Pöschwies: Menschenrecht vs. Menschenrecht

In der Strafanstalt Pöschwies hat am 27.1.08 ein Verwahrter einen Mithäftling sexuell missbraucht und dann umgebracht, Bericht NZZ online.

Nun ist das so ein abscheulicher und trauriger Vorgang, dass man eigentlich gar nicht darüber nachdenken will.

Wir müssen unserer Ansicht aber dennoch die Frage stellen, inwieweit hier die Grenzen der Menschenrechtsdiskussion aufgezeigt werden.

Der Direktor der Anstalt, Ueli Graf, wird unter anderem zitiert mit den Worten:

Eine vollständige Isolation aller Verwahrten würde laut Graf sowohl den schweizerischen wie auch den europäischen Richtlinien widersprechen. Persönlich sei er zutiefst erschüttert über den Vorfall.
Nun: auch der getötete hat sogenannte Menschenrechte besessen, den Menschenrechten des Täters wurde aber quasi die Möglichkeit gegeben, sich gegen die Menschenrechte des anderen durchzusetzen, oder wie soll man es nennen? Eine Analyse dieses Dilemmas ist in einem politisch korrekten Diskurs nur noch durch Ignorieren des Problems möglich, was ja ebenfalls wiederum nicht korrekt ist.

Wir fragen uns: weshalb eigentlich sprechen wir nicht über die Möglichkeit, einen Triebtäter, der nachweislich zwei Kinder ermordet und später einen Erwachsenen schwer verletzt hat, durch die regelmässige Gabe von Hormonspritzen chemisch zu kastrieren? Dadurch wäre innert weniger Tage dafür gesorgt, dass die Gesellschaft und der Täter von einer grossen Last befreit werden. Wäre eine solche Massnahme nicht "humaner" als alle inakzeptablen Alternativen?

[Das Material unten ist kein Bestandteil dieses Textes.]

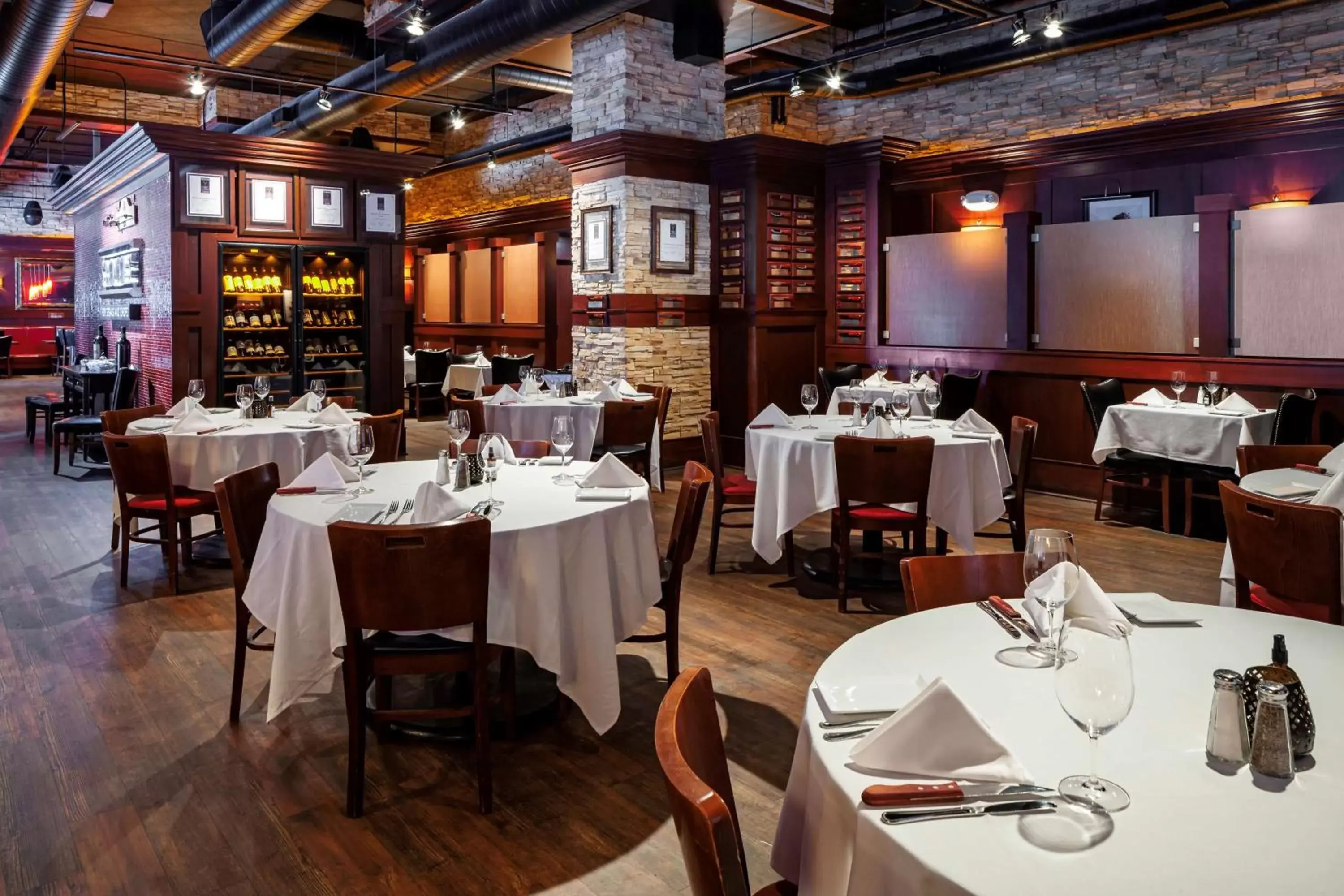 Dining area, Restaurant/Places to Eat in Hilton Garden Inn Omaha Downtown-Old Market Area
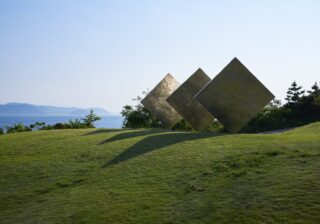 一生に一度は見たい！ 世界が注目する「現代アートの聖地」直島で出会える最高峰アート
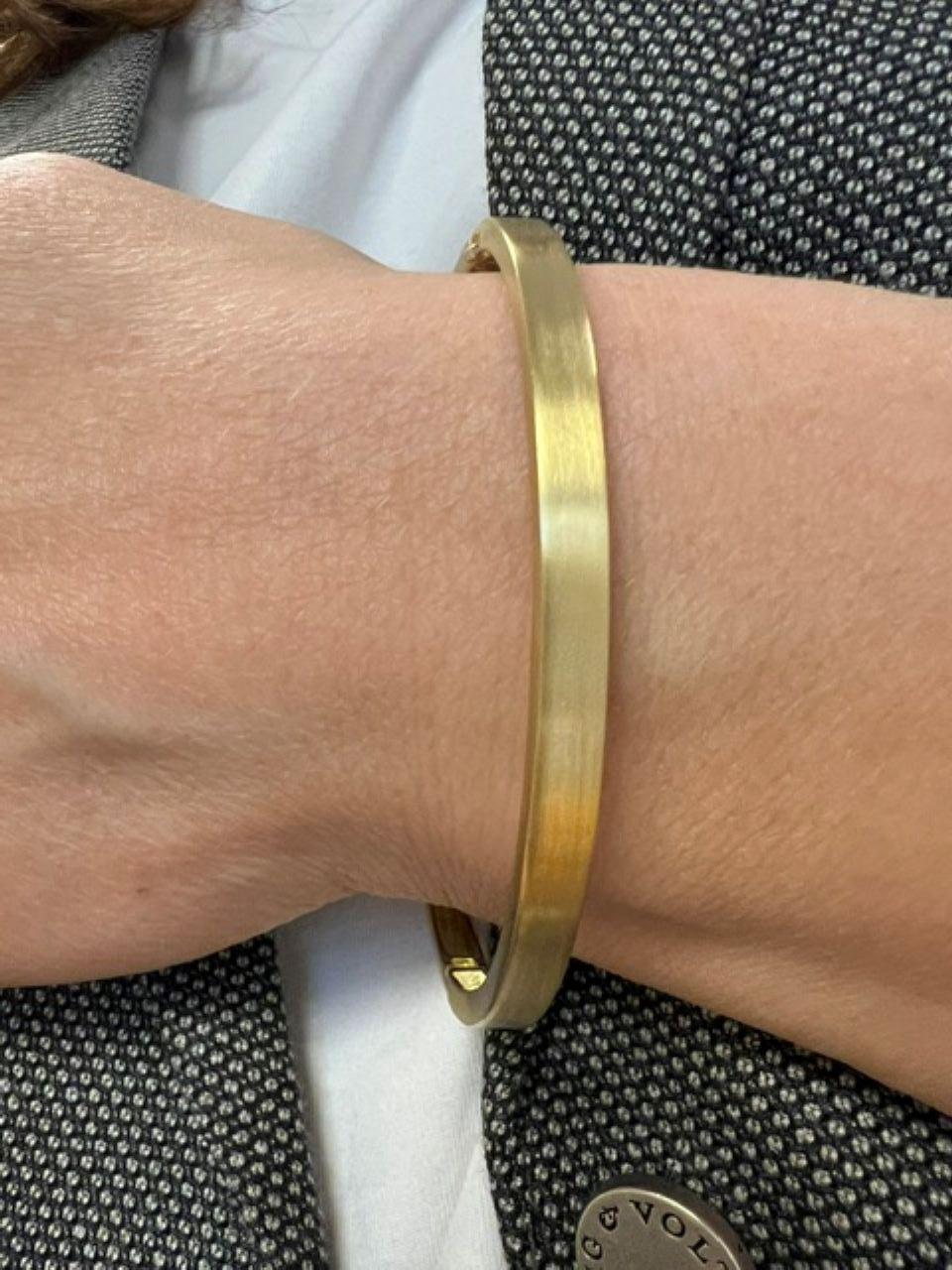 Bangle da uomo in oro giallo 18 carati con chiusura a scatto di Lois D. A. in vendita 1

(Um diese inakzeptablen Alternativen zu wiederholen: a) komplette Isolation der bekannten Triebtäter; b) die Tatsache, dass jeder Häftling in einer Strafanstalt jederzeit gezwungen ist, sich in einem Milieu zu bewegen, in dem niemand, aber auch gar niemand in der Schweiz einen seiner Angehörigen auch nur für eine Stunde freiwillig wissen wollte).

Was für ein Gut opfern wir dann noch, das grösser und wichtiger sein könnte als das Gut, das wir jetzt ganz offensichtlich geopfert haben?!

Sonntag, Januar 27, 2008

Menschenrecht auf Adoption?

Der Europäische Gerichtshof hat in einem Entscheid vom 22.1.08 das Recht auf Adoption eines Kindes als Menschenrecht bezeichnet, das auch einem lesbischen oder schwulen Elternpaar zustehe und ihm nicht verwehrt werden könne, Bericht NZZ online von heute 27.1.08.

Dazu drei kritische Ueberlegungen:

Erstens bestätigen sich nun die Befürchtungen, die 2005 von den Gegnern der gleichtgeschlechtlichen Ehe in der Schweiz vorgebracht wurden, dass es nur eine Frage der Zeit sei, bis solchen sogenannt registrierten Partnerschaften auch die Adoption von Kindern ermöglicht werden würde.

Zweitens bestätigt sich, dass im Rahmen der europäischen Zentralisierung zunehmend semi-demokratische bzw. sich ausserhalb der Schweizerischen demokratischen Institutionen befindliche Organisationen den Anspruch erheben, über wesentliche Regeln des Zusammenlebens in unserem Land entscheiden zu können. Dies widerspricht unserer Vorstellung von Demokratie im Kern. Ueber solch wichtige Fragen soll nicht fernab unseres Lebensmittelpunktes sondern in unserer Mitte entschieden werden. Nicht Eliten sondern wir und unsere Nachbarn sollen die für uns geltenden Regeln bestimmen.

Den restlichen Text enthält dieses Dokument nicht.